How The XOR Operation Works and How to Use it In C++ to Create a Small Encryptor

Exclusive OR (xor) is probably one of the most used operations in today’s encryption schemes. If you’re into creating some kind of encryption in your programs, you would need to utilize XOR operations, as XOR is a pretty versatile “tool” that you should use. If you care to know, XOR is actually an exclusive OR operation. While a simple OR is something like ‘x + y’, exclusive OR is the operation xy’ + x’y. In case you’re not familiar with the mathematic language, + stands for the operation OR, xy is sort for x AND y, while x’ is the NOT equivalent of x.

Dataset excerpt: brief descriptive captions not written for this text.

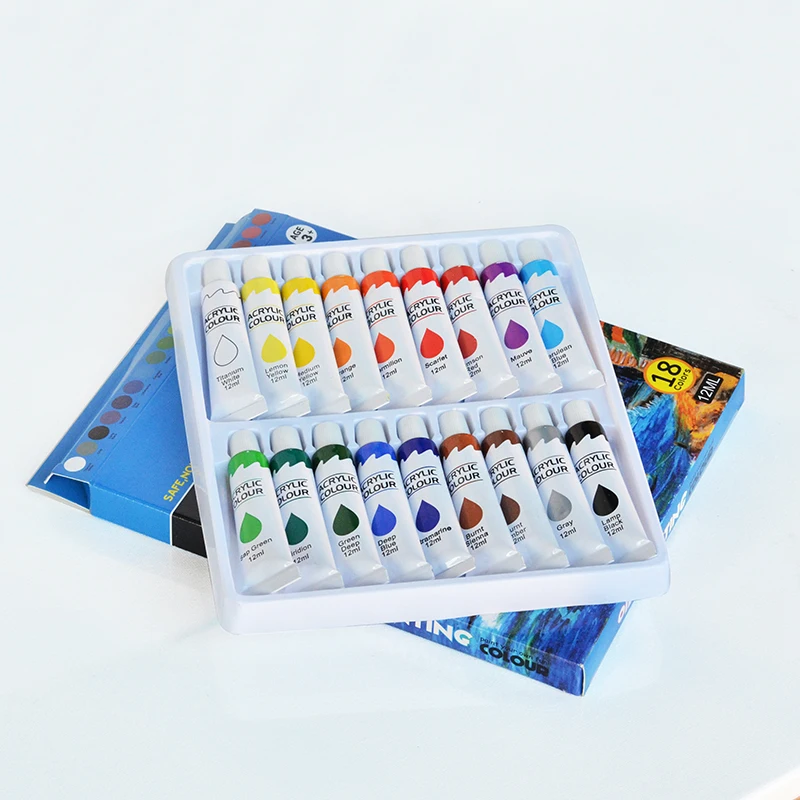 Free Sample Factory Wholesale 18 Colors Artist Acrylic Color Paint Set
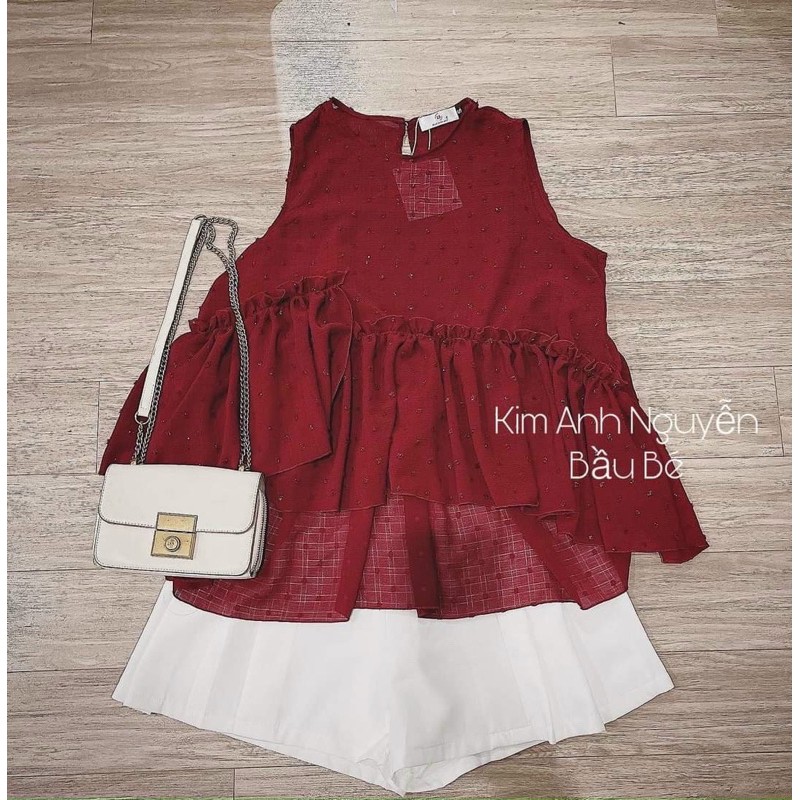 SNU212 - SET NỮ ÁO ĐỎ BÈO SÁT NÁCH QUẦN TRẮNG | BigBuy360 - bigbuy360.vn
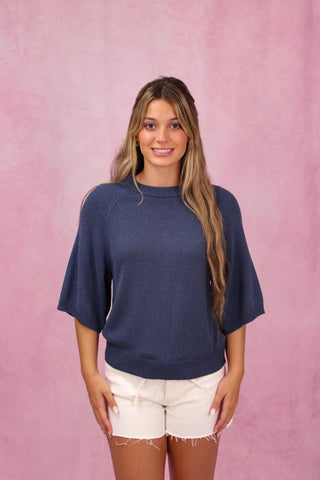 Midnight Raglan Sleeve Knit Top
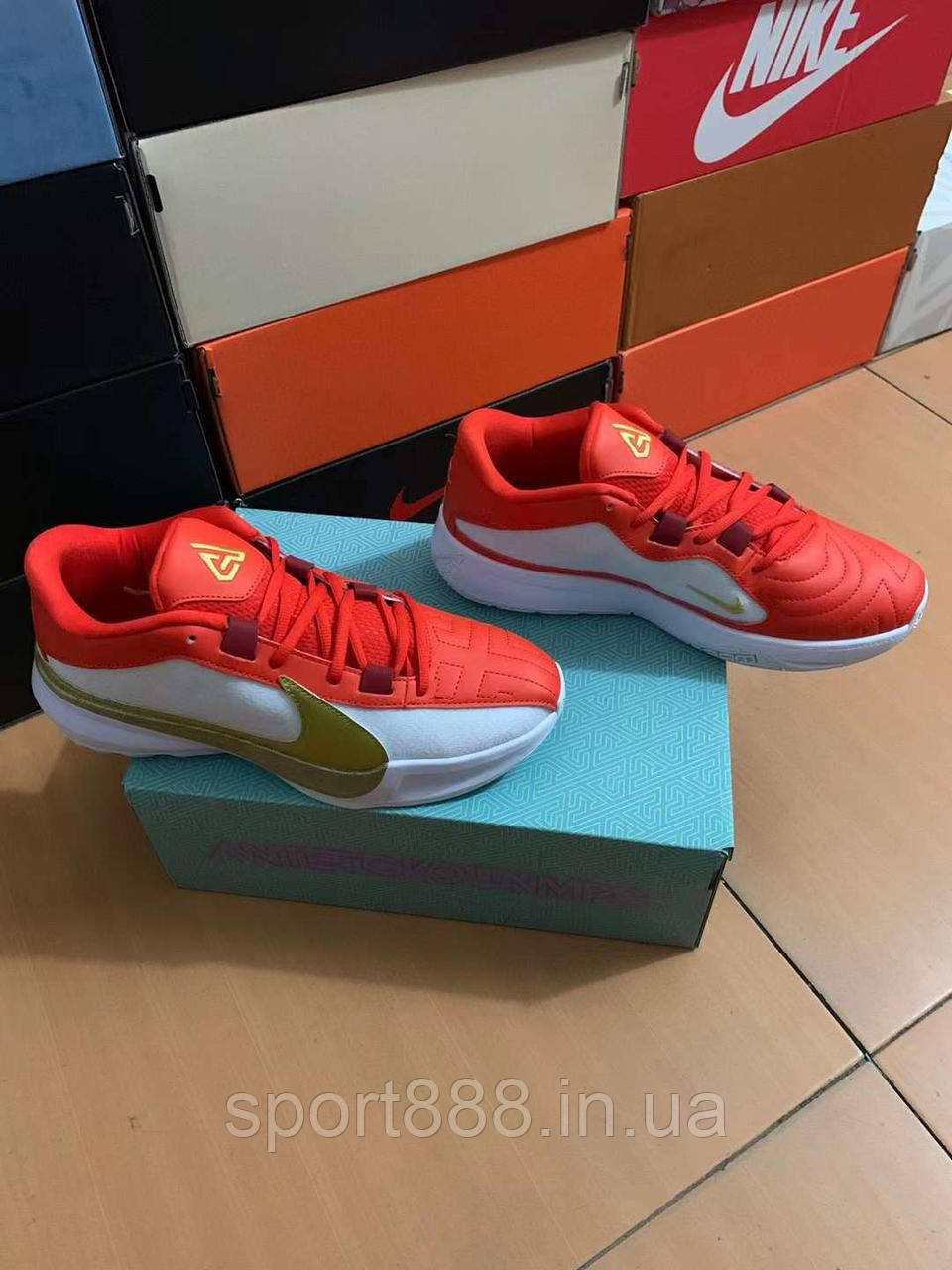 Eur40-46 кросівки Nike Zoom Freak 5 білі з червоні чоловічі баскетбольні, фото 1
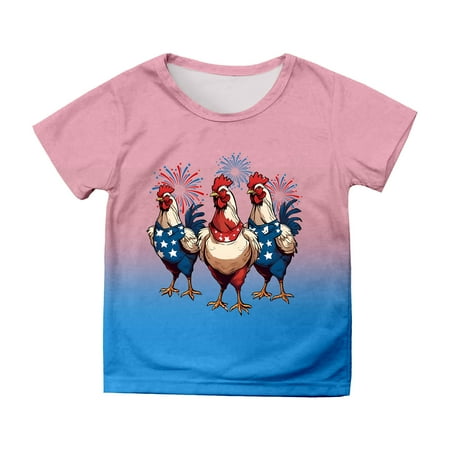 

XNHOU Halloween Loose Shirts for Kids Toddler Short Sleeve Independence Day Prints Child Boy Girl Casual Tees Tops 8-9 Years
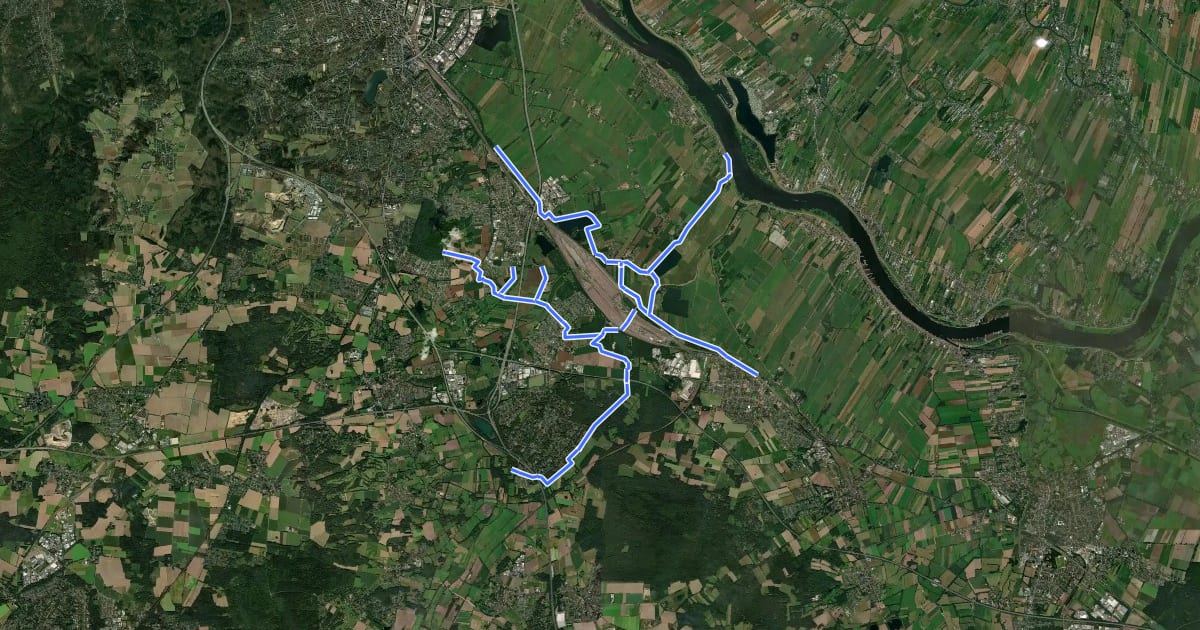 Маршрут Wanderweg BMA на спутниковом снимке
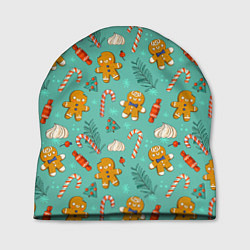 Шапка Новогодний паттерн печенье с конфетами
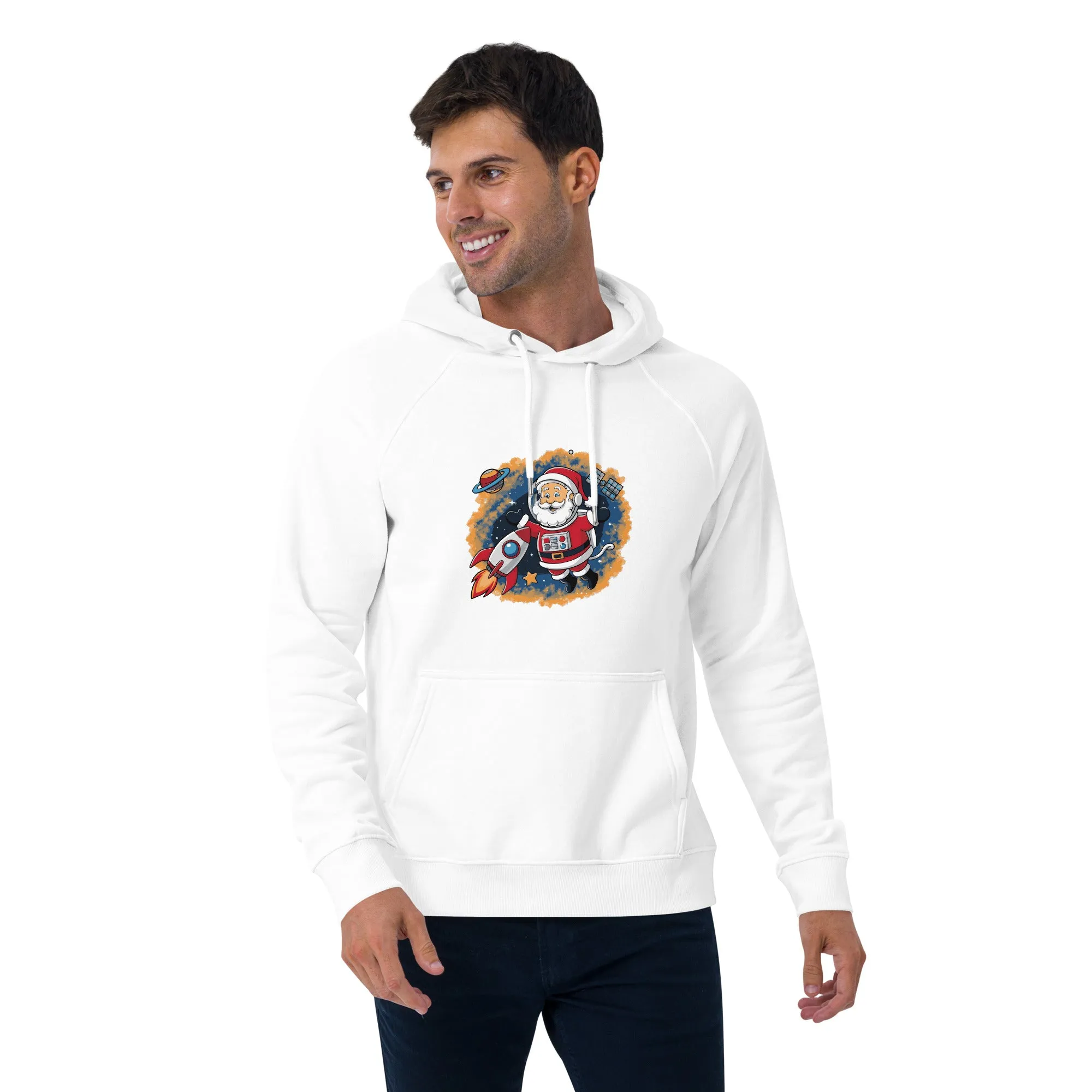 Astronaut Santa Graphic Men Eco Raglan Hoodie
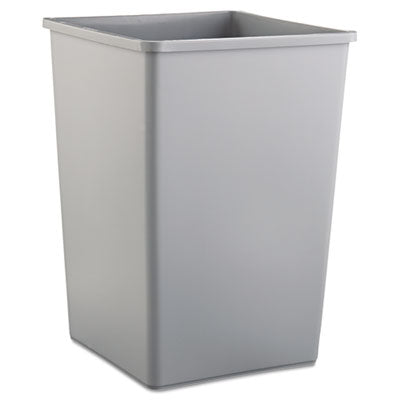 Rubbermaid® Commercial Untouchable® Square Waste Receptacle, Plastic, 35 gal, Gray Waste Receptacles-Indoor Recycling Bins - Office Ready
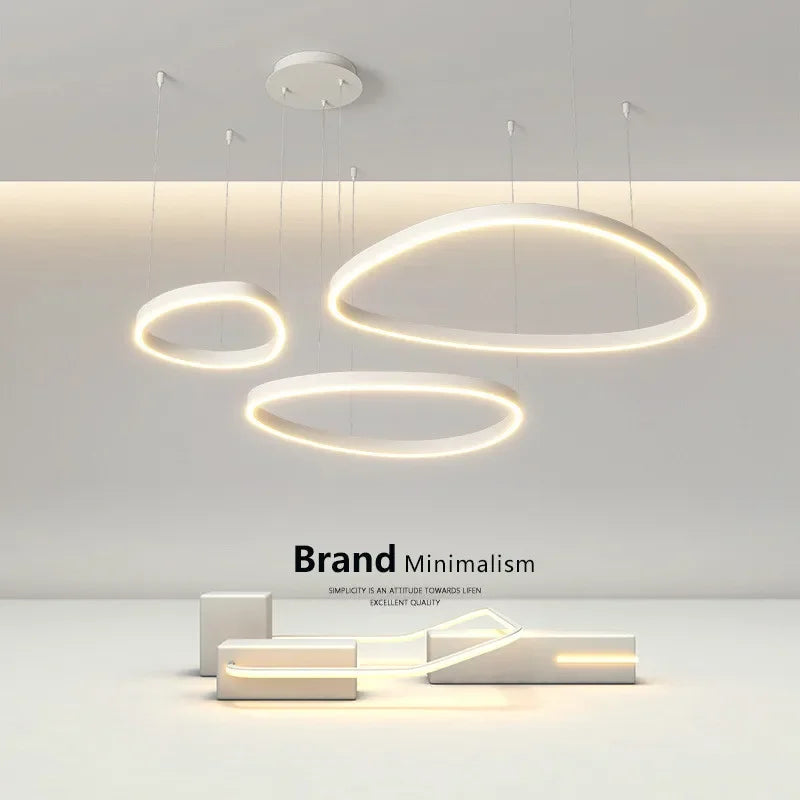 Afralia™ Nordic Living Room Irregular LED Pendant Lights, Minimalism Design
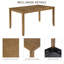 Ensemble de table de salle à manger en chêne 6 pièces - Grande table rectangulaire avec banc rembourré et 4 chaises à dossier en X, structure en bois d'hévéa massif, mobilier de cuisine de ferme pour les dîners de famille et les rassemblements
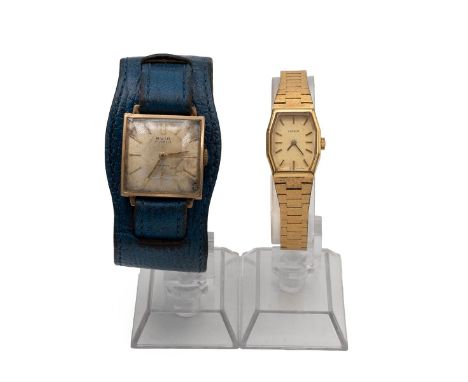 Vintage Avia Incabloc 9ct gold wristwatch, manual wind, 36mm square case, silvered dial and baton hour markers, subsidiary se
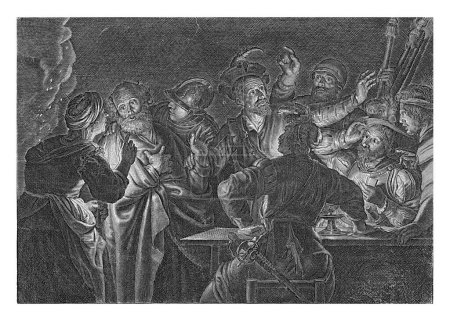 Téléchargez les photos : Refus de Pierre, Schelte Adamsz. Bolswert, d'après Gérard Seghers, 1596 - 1709 Une femme reconnaît Pierre comme un disciple du Christ, mais il nie cela. - en image libre de droit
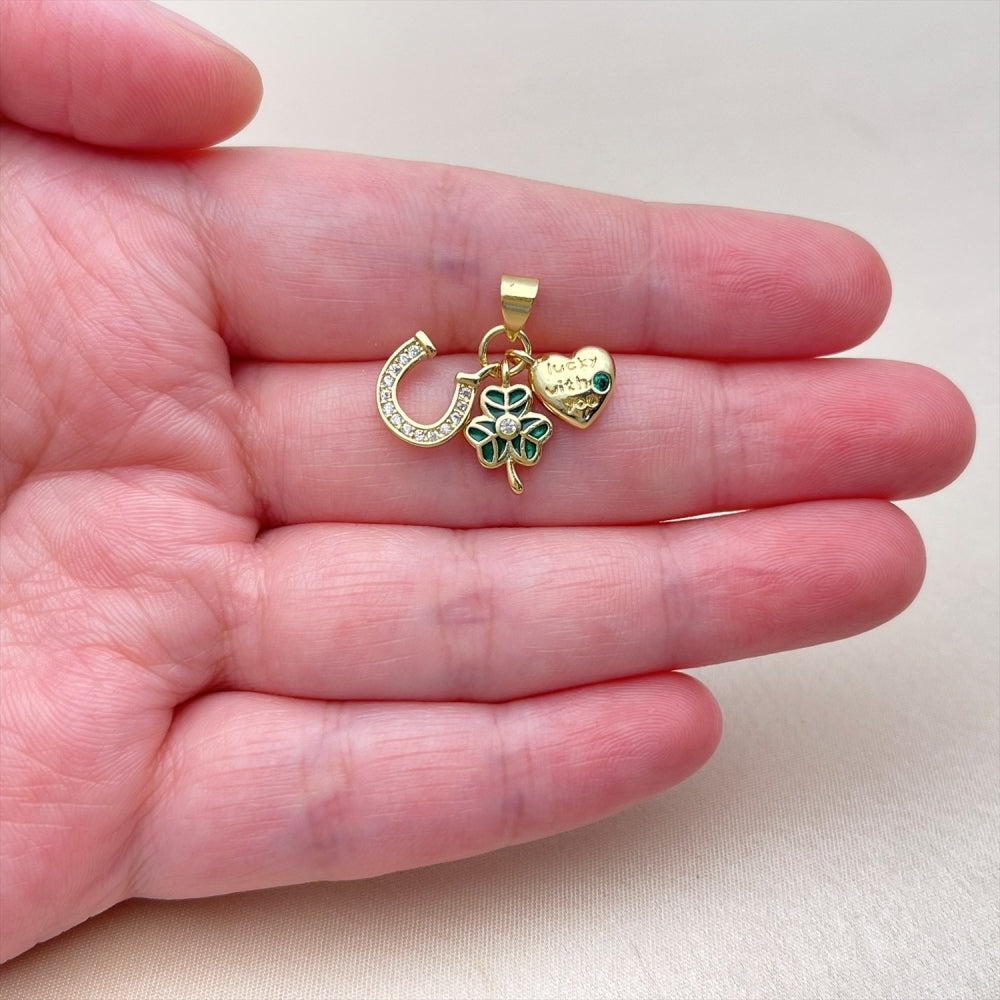 Oro Laminado Fancy Pendant, Gold Filled Style Horseshoe and Heart Design, with Green and White Cubic Zirconia, Green Enamel Finish, Golden Finish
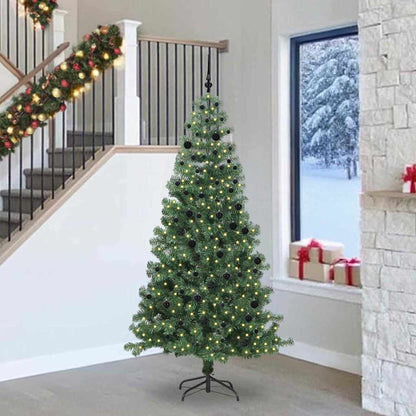 vidaXL Christmas Tree with 300 LEDs with Stand Green 240 cm PVC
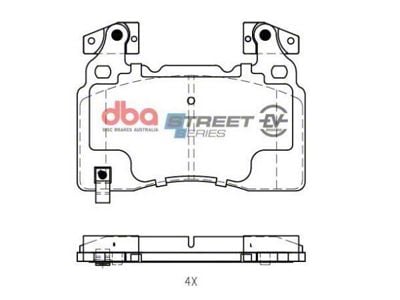 DBA Street Series EV Ceramic Brake Pads; Front Pair (16-24 Camaro SS w/ 4-Piston Front Calipers)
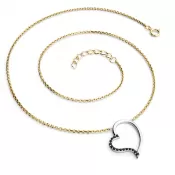 Dámsky náhrdelník zlatý mix 585/1000 prírodný diamant 0,082 ct srdce s čiernou 10948-NH01-ZLB-Black
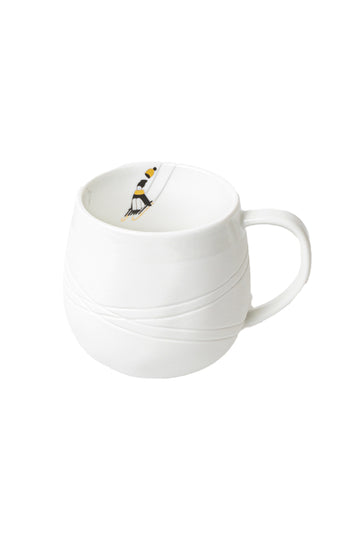 Tasse Goldkufen Räder Design Porzellan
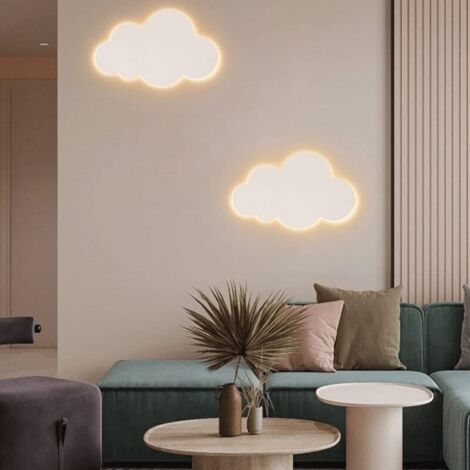 Led-wandleuchte Für Kinderzimmer, Warmes Licht, Schlafzimmer-leselampe, Weiß, Kreatives Wolken-design, Wohnzimmer-nachtlicht, Flur-bettlampe, Acryl-wandleuchte Fliti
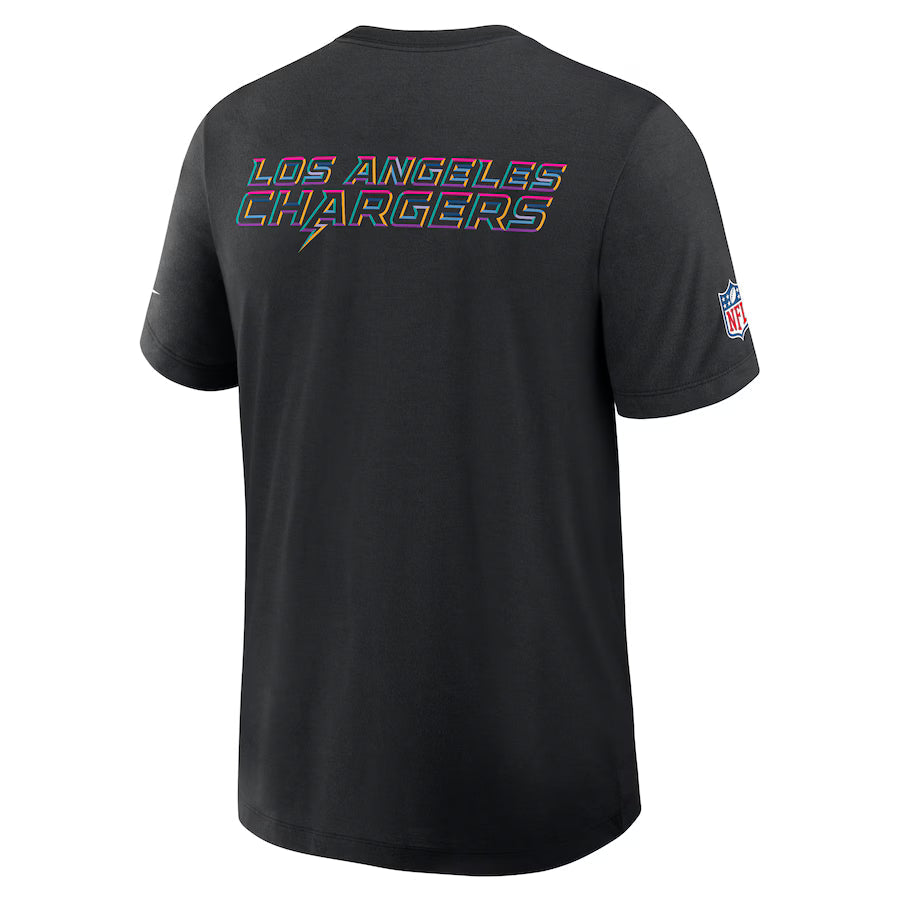 Los Angeles Chargers Nike Black 2025 NFL Crucial Catch Tri-Blend Dri-FIT T-Shirt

Chances are that you’re not interested in logic gates, though. Hence, let’s go about creating and explaining a simple program that encrypts data using xor. Before actually showing you the program source code, i would like you to know how XOR works. Remember that we are talking about a bitwise operation here. Therefore, you can have the states shown below :

1 XOR 1 = 0

0 XOR 0 = 0

1 XOR 0 = 1

0 XOR 1 = 1

In short, XOR is exactly like OR, with the important difference that 1 XOR 1 gives 0 as a result and not 1 (that OR would give). Hope that makes sense, let’s now take a look at the example program below :

#include <iostream>
#include <string.h>
using namespace std;

int main()
{
    char* plainText = "Hello";
    char key = '1';

    for (int i=0; i<strlen(plainText); i++ )
    {
        char encrypted = *(plainText + i) ^ key;
        cout << (int)encrypted << " ";
    }
}

Simple, isn’t it ? In this example program, we have the “hello” plaintext and we use a key that consists of 1 byte. I understand that this is a security problem, this is just for the sake of simplicity here. In your programs you could and should be using a longer key of course. We start traversing the chars of the plaintext and we just use the ^ xor operand to xor our characters against our key and then just print out the result as an integer value. Upon execution of the program, we get the values :

121 84 93 93 94

Now, do you understand why we get these values ? If not, let’s clarify it a bit. The first thing we need to do is convert our “Hello” string to its binary representation. In order to do that, you can just check the ASCII table and get the hex values and easily convert them to binary. Our key is represented as 31 in hex and 0011 0001 in binary. We now perform the xor operations :

Letter ‘H’ against key ‘1’ -> 0100 1000 XOR 0011 0001 -> 0111 1001 -> 79 in hex -> 121 in decimal

Letter ‘e’ against key ‘1’ -> 0110 0101 XOR 0011 0001 -> 0101 0100 -> 54 in hex -> 84 in decimal

Letter ‘l’ against key ‘1’ -> 0110 1100 XOR 0011 0001 -> 0101 1101 -> 5D in hex -> 93 in decimal

Letter ‘o’ against key ‘1’ -> 0110 1111 XOR 0011 0001 -> 0101 1110 -> 5E in hex -> 94 in decimal

You see why we got ‘121 84 93 93 94’ as a result ? Don’t forget that you can do the reverse operation now in order to go back to the plaintext. Just XOR the encrypted values against the key ‘1’ and you will now get the string ‘Hello’ back.